* **Task statement**: Without the pictures, repeat all of the data exactly as it appears below.

* **Collected data**:
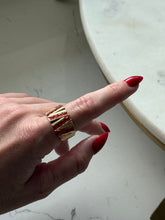 Load image into Gallery viewer, Canadian Orange Stone Gold Vermeil Ring Size 9.75
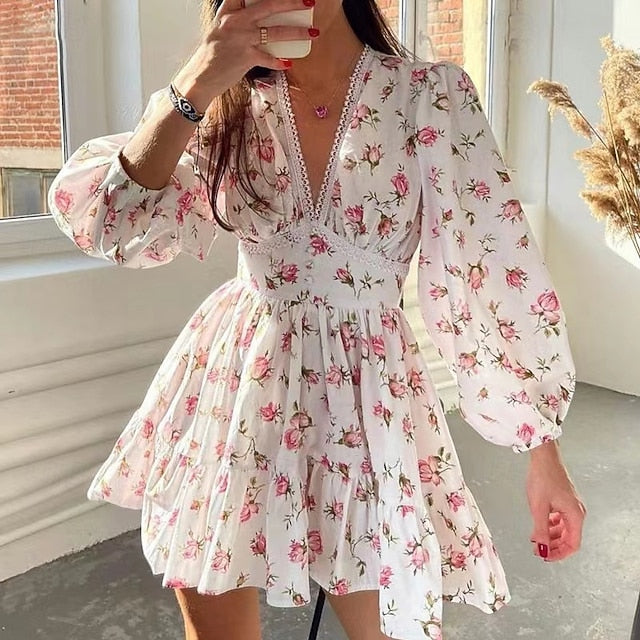 Women's Mini Dress A Line Dress Slip Dress Vacation Casual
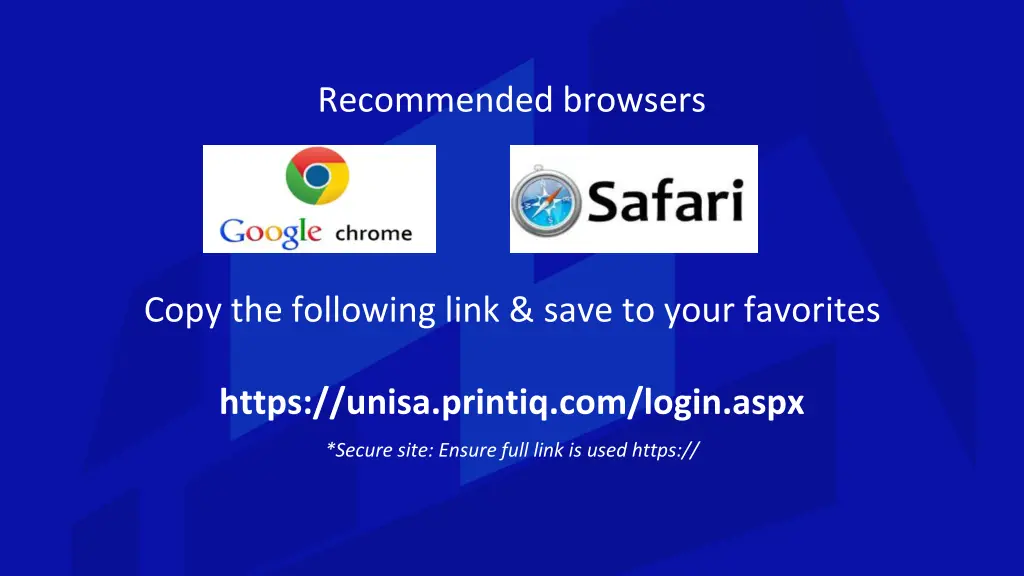 recommended browsers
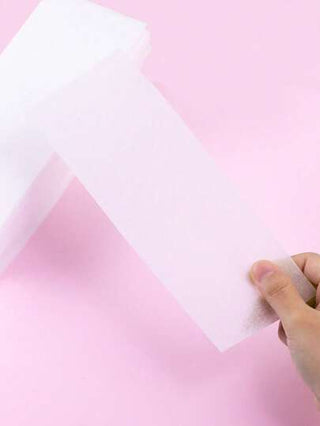 شرائط الشمع لإزالة الشعر ، 100 قطعة أوراق شمع قابلة للتخلص منها لإزالة الشعر ،قماش سميك غير منسوج ، ورق شمع إزالة الشعر لكريمات إزالة الشعر الجمالية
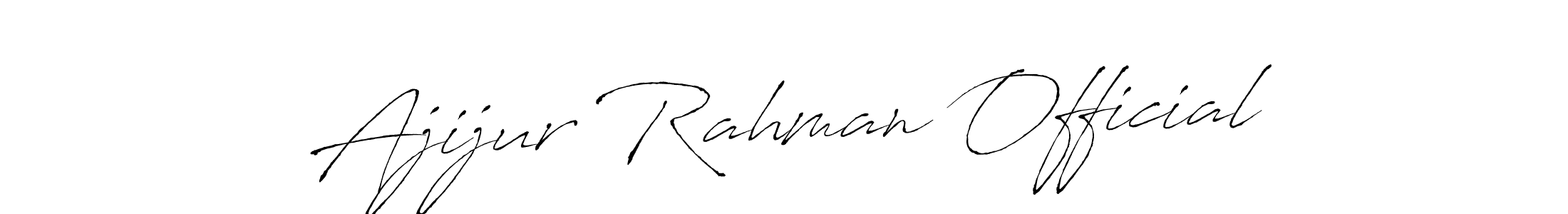 Similarly Antro_Vectra is the best handwritten signature design. Signature creator online .You can use it as an online autograph creator for name Ajijur Rahman Official. Ajijur Rahman Official signature style 6 images and pictures png
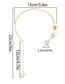Fashion Gold Necklace 5116 Alloy Pearl Gold Bead Open Necklace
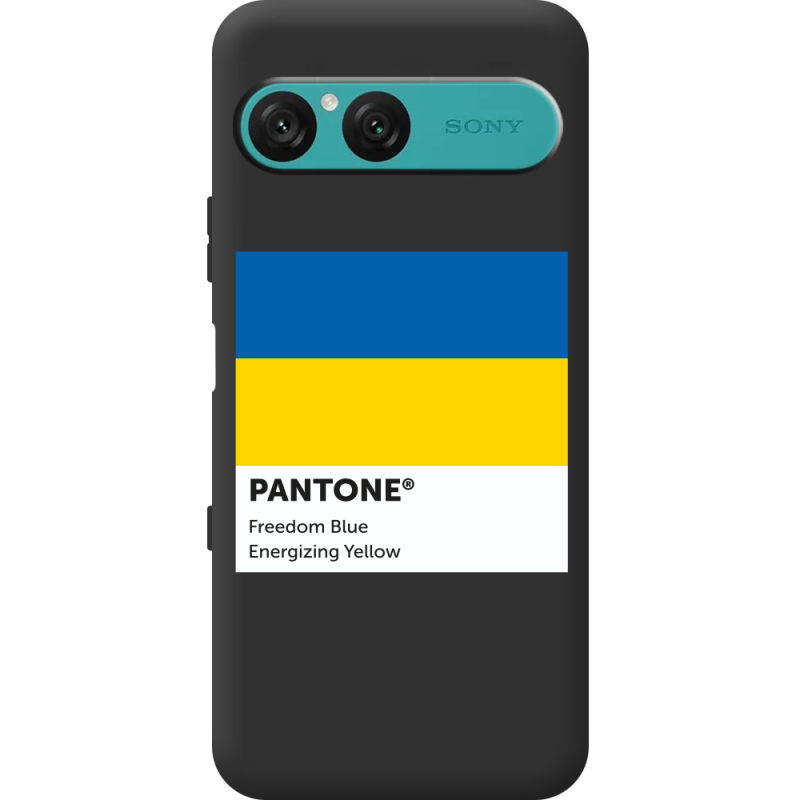 Прозорий чохол BoxFace Sony Xperia 10 VII Pantone вільний синій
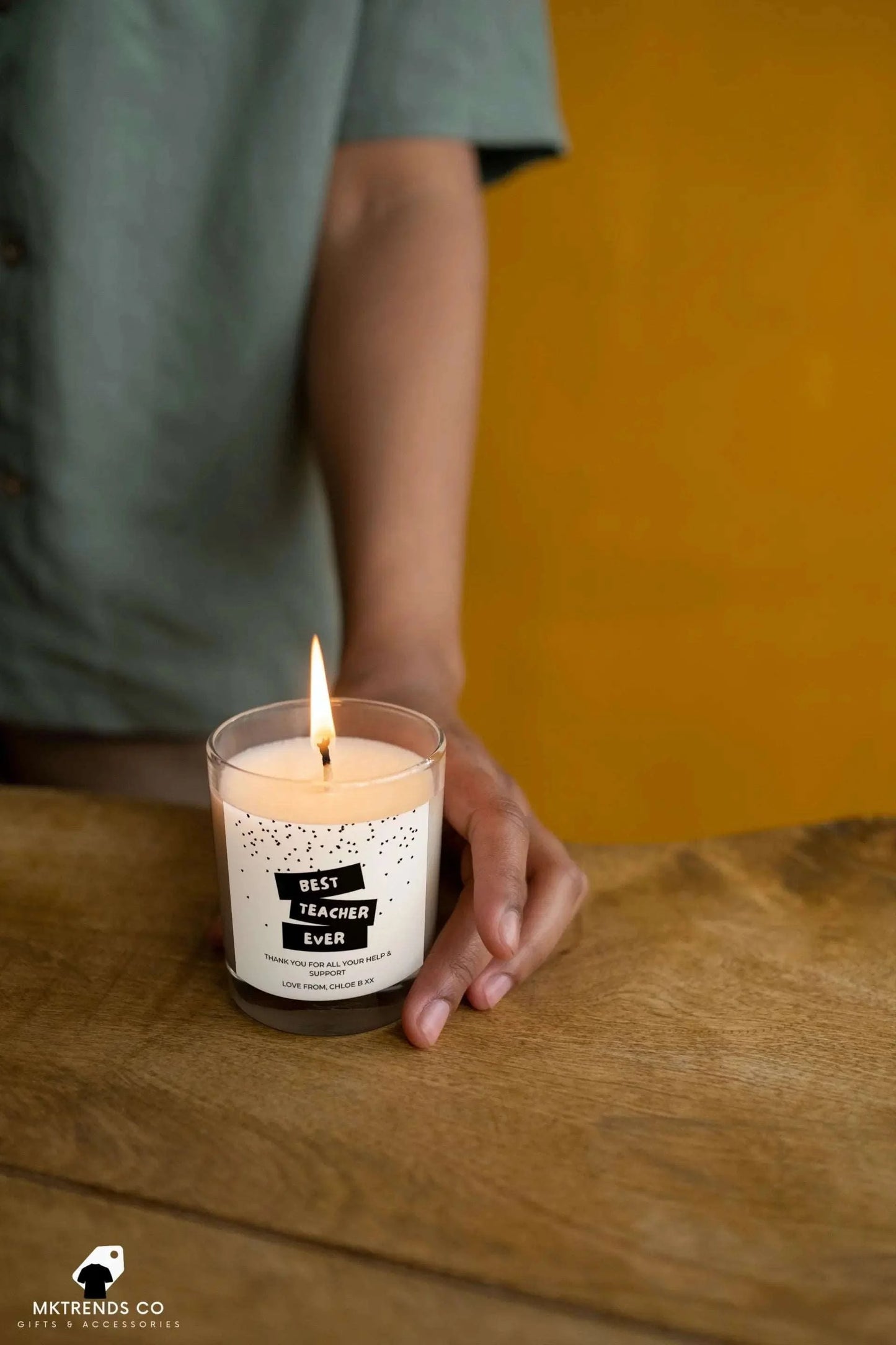 Best Teacher Ever Personalised Candle | Gifts for Teacher MKTrends Co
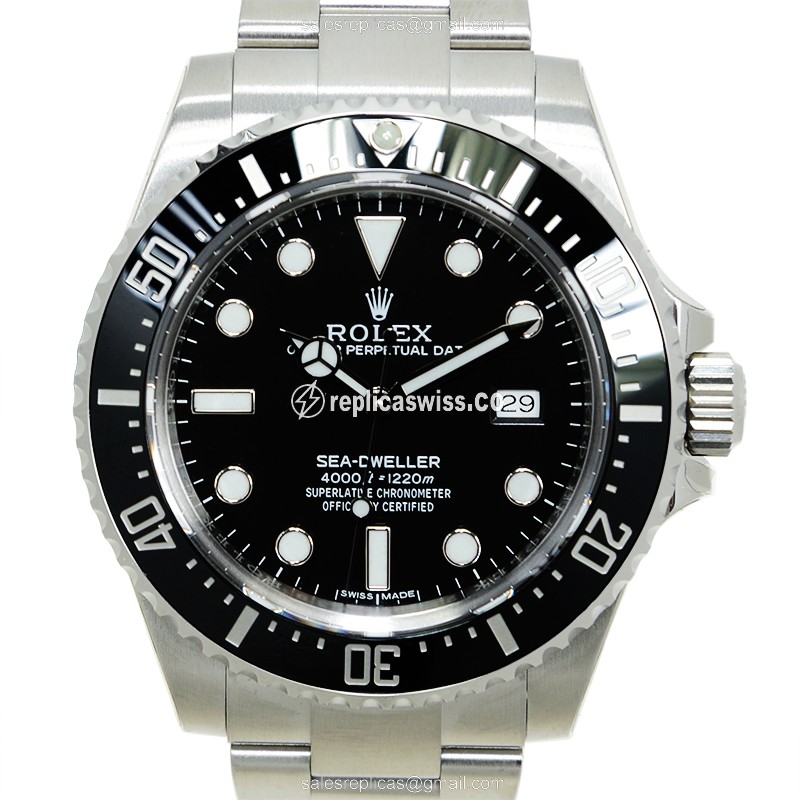Luxurious Rolex 116600 SEA-DWELLER Replica in Black Dial & Stainless Steel Case Watch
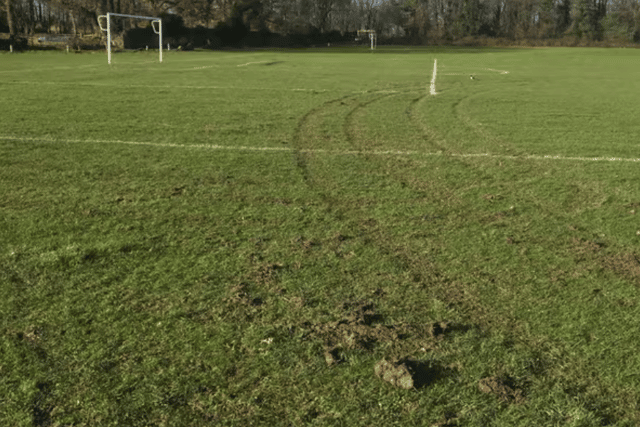 A common sight on football pitches in Sheffield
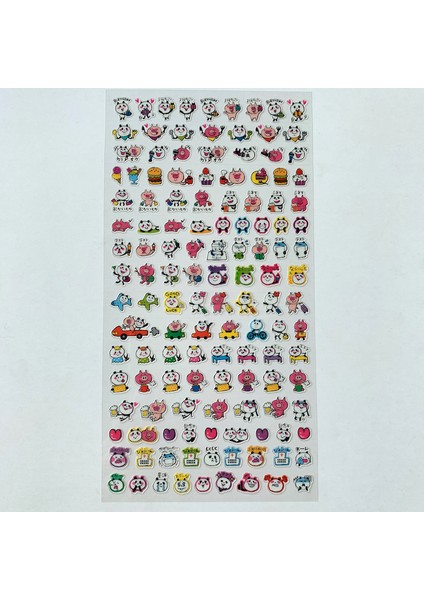 Kırmızı Stil Sevimli Orman Hayvanları Kamp Kahve Etiketi Kawaii Levha Toplu Paketi Günlük Dizüstü Telefon Kılıfı Günlüğü (Yurt Dışından)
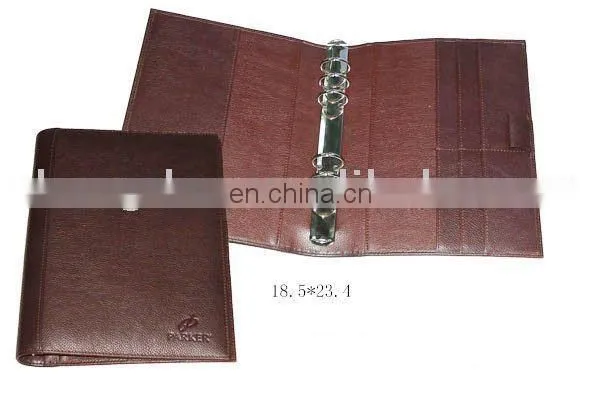 Customizable Reliable Quality PU Leather Office Document Folder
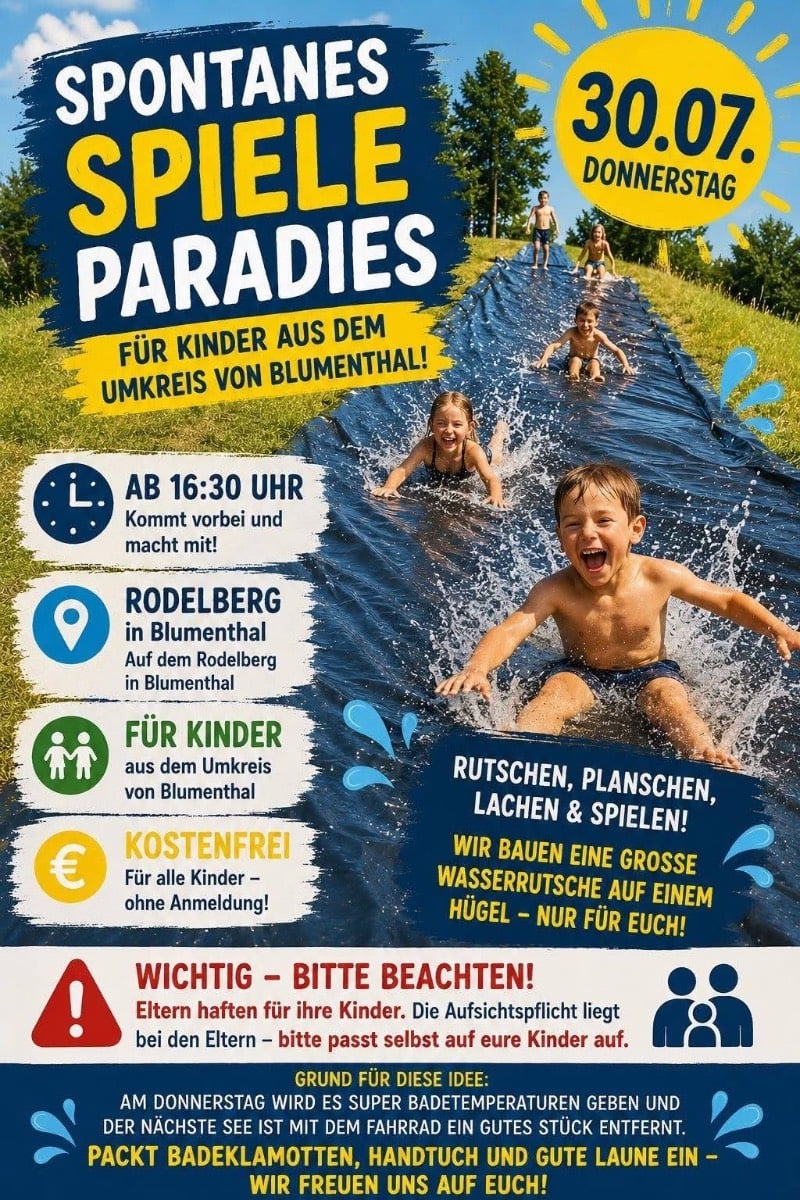 Veranstaltungsbild: Spontanes Spiele Paradies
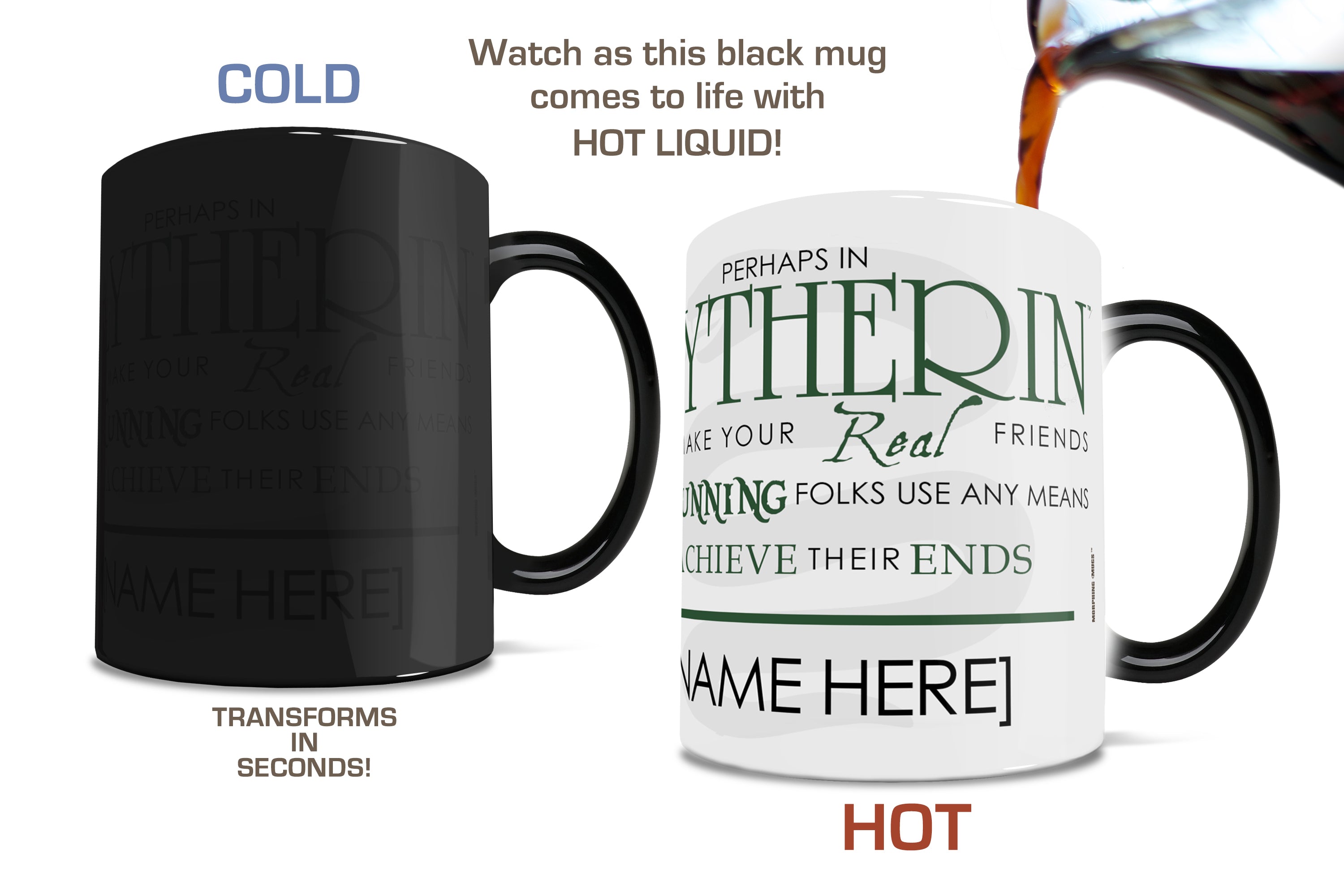 Harry Potter (Sorting Hat Slytherin Personalized) Morphing Mugs® Heat-Sensitive Mug MMUG216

* **Answer box**:
 Load image into Gallery viewer, Canadian Orange Stone Gold Vermeil Ring Size 9.75
 Women's Mini Dress A Line Dress Slip Dress Vacation Casual
 recommended browsers
 شرائط الشمع لإزالة الشعر ، 100 قطعة أوراق شمع قابلة للتخلص منها لإزالة الشعر ،قماش سميك غير منسوج ، ورق شمع إزالة الشعر لكريمات إزالة الشعر الجمالية
 Similarly Antro_Vectra is the best handwritten signature design. Signature creator online .You can use it as an online autograph creator for name Ajijur Rahman Official. Ajijur Rahman Official signature style 6 images and pictures png
Fashion Gold Necklace 5116 Alloy Pearl Gold Bead Open Necklace
 Прозорий чохол BoxFace Sony Xperia 10 VII Pantone вільний синій
 Best Teacher Ever Personalised Candle | Gifts for Teacher MKTrends Co
Luxurious Rolex 116600 SEA-DWELLER Replica in Black Dial & Stainless Steel Case Watch
 A common sight on football pitches in Sheffield
 Kırmızı Stil Sevimli Orman Hayvanları Kamp Kahve Etiketi Kawaii Levha Toplu Paketi Günlük Dizüstü Telefon Kılıfı Günlüğü (Yurt Dışından)
 Customizable Reliable Quality PU Leather Office Document Folder
 Veranstaltungsbild: Spontanes Spiele Paradies
 Harry Potter (Sorting Hat Slytherin Personalized) Morphing Mugs® Heat-Sensitive Mug MMUG216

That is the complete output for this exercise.